▶ _WHAT YOU HAVE TO DO_: Print every entry below again. Nothing may differ from the original.

▶ _Scraped caption text data_:
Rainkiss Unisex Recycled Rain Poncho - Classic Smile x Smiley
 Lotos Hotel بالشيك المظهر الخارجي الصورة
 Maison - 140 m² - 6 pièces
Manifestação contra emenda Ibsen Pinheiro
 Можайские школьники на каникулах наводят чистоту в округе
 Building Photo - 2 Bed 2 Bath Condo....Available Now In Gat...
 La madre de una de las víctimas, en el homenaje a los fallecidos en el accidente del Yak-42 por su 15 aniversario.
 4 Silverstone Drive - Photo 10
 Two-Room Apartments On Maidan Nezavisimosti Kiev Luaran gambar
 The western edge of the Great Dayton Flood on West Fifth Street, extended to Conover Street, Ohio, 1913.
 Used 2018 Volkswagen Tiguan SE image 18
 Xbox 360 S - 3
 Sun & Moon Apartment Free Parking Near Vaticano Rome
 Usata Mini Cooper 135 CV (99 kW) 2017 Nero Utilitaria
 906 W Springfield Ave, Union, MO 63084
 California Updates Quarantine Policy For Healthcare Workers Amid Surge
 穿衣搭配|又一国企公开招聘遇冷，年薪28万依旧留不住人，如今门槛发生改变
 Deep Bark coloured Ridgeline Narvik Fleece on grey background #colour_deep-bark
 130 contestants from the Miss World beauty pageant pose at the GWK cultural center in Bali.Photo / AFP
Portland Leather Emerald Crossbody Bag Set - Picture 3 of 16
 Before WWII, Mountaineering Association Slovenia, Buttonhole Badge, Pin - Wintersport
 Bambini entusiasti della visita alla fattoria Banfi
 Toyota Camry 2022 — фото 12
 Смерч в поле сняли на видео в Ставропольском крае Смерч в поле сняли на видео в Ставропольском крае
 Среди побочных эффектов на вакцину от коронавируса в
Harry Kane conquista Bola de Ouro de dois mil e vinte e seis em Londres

▶ _EXERCISE OUTPUT_:
Rainkiss Unisex Recycled Rain Poncho - Classic Smile x Smiley
 Lotos Hotel بالشيك المظهر الخارجي الصورة
 Maison - 140 m² - 6 pièces
Manifestação contra emenda Ibsen Pinheiro
 Можайские школьники на каникулах наводят чистоту в округе
 Building Photo - 2 Bed 2 Bath Condo....Available Now In Gat...
 La madre de una de las víctimas, en el homenaje a los fallecidos en el accidente del Yak-42 por su 15 aniversario.
 4 Silverstone Drive - Photo 10
 Two-Room Apartments On Maidan Nezavisimosti Kiev Luaran gambar
 The western edge of the Great Dayton Flood on West Fifth Street, extended to Conover Street, Ohio, 1913.
 Used 2018 Volkswagen Tiguan SE image 18
 Xbox 360 S - 3
 Sun & Moon Apartment Free Parking Near Vaticano Rome
 Usata Mini Cooper 135 CV (99 kW) 2017 Nero Utilitaria
 906 W Springfield Ave, Union, MO 63084
 California Updates Quarantine Policy For Healthcare Workers Amid Surge
 穿衣搭配|又一国企公开招聘遇冷，年薪28万依旧留不住人，如今门槛发生改变
 Deep Bark coloured Ridgeline Narvik Fleece on grey background #colour_deep-bark
 130 contestants from the Miss World beauty pageant pose at the GWK cultural center in Bali.Photo / AFP
Portland Leather Emerald Crossbody Bag Set - Picture 3 of 16
 Before WWII, Mountaineering Association Slovenia, Buttonhole Badge, Pin - Wintersport
 Bambini entusiasti della visita alla fattoria Banfi
 Toyota Camry 2022 — фото 12
 Смерч в поле сняли на видео в Ставропольском крае Смерч в поле сняли на видео в Ставропольском крае
 Среди побочных эффектов на вакцину от коронавируса в
Harry Kane conquista Bola de Ouro de dois mil e vinte e seis em Londres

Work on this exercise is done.